Dirreskrimsus Polda Bengkulu, Kombespol Aris Tri Yunarko, melalui Kasubdit Tipidkor Kompol Muhammad Syahir Fuad Rangkuti, menjelaskan peran masing-masing tersangka.
“DS sebagai Account Officer Kredit komersial Bank Bengkulu Kantor Cabang Pembantu Topos, RW sebagai Teller, dan FP sebagai Pimpinan Cabang Pembantu KCP Bank Bengkulu Topos, Lebong,” ungkap Syahir Fuad.
Terdapat tiga modus Financial Fraud yang dilakukan ketiga tersangka. Pertama, melakukan top up dengan mencuri dan menggunakan data nasabah untuk meningkatkan kredit atau pinjaman.
Kedua, dalam skema kredit bagi dua atau bagi hasil, nasabah diminta untuk meningkatkan plafond pinjaman, sehingga pada saat pencairan, uang tersebut dipotong oleh oknum pegawai Bank Bengkulu.

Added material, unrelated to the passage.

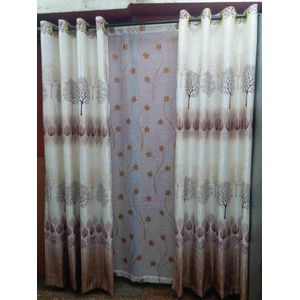 Heavy BROWN CURTAIN COMES IN A PACKAGE OF 2pcs Curtain And 1pc FREE Sheer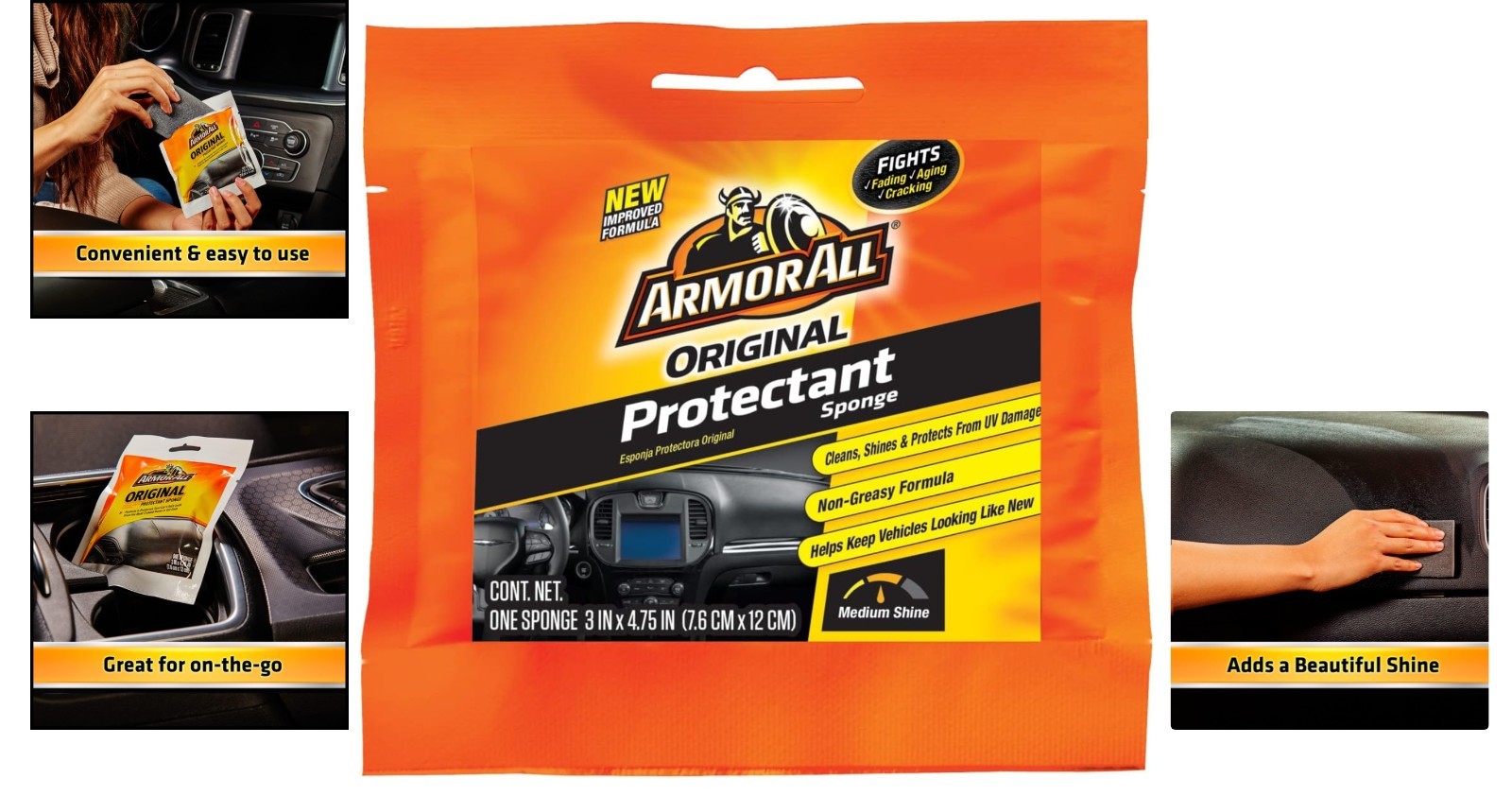 Armor All Protectant Sponge – Unscented Vehicle Cleaning for Lasting Shine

Ketiga, dalam kasus kredit fiktif, kartu identitas kreditur digunakan dan diproses oleh oknum pegawai tanpa sepengetahuan kreditur, dengan uang pencairan yang digunakan untuk kepentingan pribadi.
“Seharusnya dalam pemberian kredit harus diproses sesuai dengan ketentuan dan harus dibahas dalam rapat tim komite, dengan memenuhi dokumen persyaratan yang efektif sebelum proses pencairan dana,” tambah Muhammad Syahir Fuad Rangkuti.
Berdasarkan hasil Audit Badan Pengawasan Keuangan dan Pembangunan (BPKP) Perwakilan Bengkulu, kerugian negara akibat tindakan ini mencapai Rp 3,5 miliar. Ketiga tersangka dijerat Pasal 2 dan/atau Pasal 3 Undang-Undang Republik Indonesia Nomor 20 Tahun 2001 tentang perubahan atas Undang-Undang Republik Indonesia Nomor 31 Tahun 1999 tentang Pemberantasan Tindak Pidana Korupsi Jo Pasal 55 ayat (1) Ke-1 Kitab Undang-Undang Hukum Pidana, yang mengancam dengan hukuman maksimal 20 tahun penjara.